Tesla knew he had the answer to this problem—the alternating current induction motor. But newly arrived in Paris and taking a job as a junior engineer at Société Industrielle, part of the Compagnie Continental Edison, Tesla was hardly yet in a position to change the world. While he pitched his alternating current system to Batchelor and others in Paris, Edison’s people simply did not want to listen. After all, Edison had invested himself completely in making and selling direct current throughout Europe, the United States, and the world. No, Edison thought, Tesla’s alternating current system simply would not do.

Tesla’s time at Continental Edison was initially spent as a kind of traveling repairman sent to fix some of the tougher problems with the direct current system. Moving about mainly in France and Germany, he would “cure the ills” and return to Paris. This experience led him to propose improvements to the dynamos, which he implemented. “My success was complete,” Tesla would write, “and the delighted directors accorded me the privilege of developing automatic regulators which were much desired.” Having quickly built a reputation as someone who could save the day, not to mention his proficiency in the German language, Tesla was the obvious choice to send to Strasbourg, Alsace (part of Germany at the time, now Strasbourg, France). A catastrophic event had occurred during the opening ceremony of the new lighting plant at the railroad station, and help was needed fast.

The Strasbourg rail station, originally built in 1846, had just been remodeled in the current year of 1883. Dignitaries, including the aging Emperor William I of Germany, were gathered to watch the newly installed direct current electric lighting system showcase the station. The flip of the switch turned out to be more dramatic than expected, however, and a large part of a wall collapsed by a huge explosion, nearly taking William with it. Following this major malfunction and a series of other quality-control issues—lightbulbs were burning out as fast as they could be replaced—the talented Tesla was dispatched to see what he could do to repair the damage, both to the direct current system and the sensitivities of the Alsace people.

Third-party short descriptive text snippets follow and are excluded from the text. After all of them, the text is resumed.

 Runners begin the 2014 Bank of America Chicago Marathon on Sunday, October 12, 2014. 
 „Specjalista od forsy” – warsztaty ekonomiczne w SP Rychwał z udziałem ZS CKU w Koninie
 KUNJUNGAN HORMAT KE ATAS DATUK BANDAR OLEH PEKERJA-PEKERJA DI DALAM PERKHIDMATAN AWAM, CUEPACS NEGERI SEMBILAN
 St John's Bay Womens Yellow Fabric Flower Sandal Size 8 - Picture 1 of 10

Upon arrival he realized that this was not merely a case of crossed wires; there were fundamental flaws in the direct current system design. Batchelor had been warning Edison that generators coming to Europe from America were defective—“fires from faulty armatures and poor insulation were becoming all too common.” According to Tesla, the wiring was defective and the explosion that took down the wall resulted from a massive short circuit. Tesla took on the task of correcting the problem and spent nearly a year redesigning the generators and reinstalling the lighting system. His work was a stunning success.

With the Strasbourg rail station now fully lit and accepted by the Alsace government, Tesla “returned to Paris with pleasing anticipations.” Administrators at Edison’s European works had promised Tesla “a liberal compensation” should he succeed in fixing the Strasbourg problem, “as well as fair consideration of the improvements [Tesla] had made in their dynamos.” He, perhaps naively, hoped to “realize a substantial sum.” That sum was never to be realized.

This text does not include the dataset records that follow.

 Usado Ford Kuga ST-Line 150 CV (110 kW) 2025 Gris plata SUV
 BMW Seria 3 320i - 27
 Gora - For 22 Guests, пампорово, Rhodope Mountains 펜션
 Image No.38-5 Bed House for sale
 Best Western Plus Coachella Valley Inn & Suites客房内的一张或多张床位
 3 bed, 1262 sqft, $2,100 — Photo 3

The Edison men passed around non-decisions until Tesla finally recognized that his promised compensation was more rhetorical than realistic. While hugely disillusioned by how he had been treated, Tesla was simultaneously being pressed by Charles Batchelor to move to America, ostensibly to redesign and improve on the Edison dynamos and motors. Seeing an opportunity to present his alternating current designs directly to the great Thomas Edison himself, Tesla put aside his disappointment and agreed to make the cross-Atlantic voyage to the “land of the golden promise.”

Though its actual existence is disputed, O’Neill states that Batchelor penned a letter of introduction to Thomas Edison in which he stated simply: “I know two great men and you are one of them; the other is this young man.”

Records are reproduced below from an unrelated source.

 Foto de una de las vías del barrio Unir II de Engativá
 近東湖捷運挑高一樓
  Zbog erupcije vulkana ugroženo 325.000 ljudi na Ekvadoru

Tesla was off to America. But things were not to go exactly as planned.

In 1884 Edison had installed a complete direct current system on the S.S. Oregon, one of the most modern ships of the time. On the Oregon Edison would first put new employee Nikola Tesla to the test. Both of the twin dynamos had failed, so the ship was sitting in port with no way to run. Edison had sent several men to try to fix it, but with no luck. He was desperate, so when Tesla walked into his office Edison sent him straight to the docks. Tesla was eager to please Edison, so he packed up the necessary tools and arrived on board that evening. “The dynamos were in bad condition,” Tesla later wrote, “with several short circuits and breaks.” Seizing the initiative, Tesla put the ship’s crew to work helping him, and by daybreak he had “succeeded in putting them in good shape.” Another major success.

This incident raised Tesla’s stock in Edison’s eyes and henceforth Tesla “had full freedom in directing the work.” The work was interesting and Tesla was happy. Always the hard worker, for nearly a year Tesla regularly worked from 10:30 a.m. to five o’clock the next morning, seven days a week. Edison was duly impressed, saying, “I have had many hard-working assistants but you take the cake.” Tesla occasionally dined with Edison and other key leaders in Edison’s various companies. Sometimes they would shoot billiards, where Tesla “would impress the fellows with his bank shots and vision of the future.”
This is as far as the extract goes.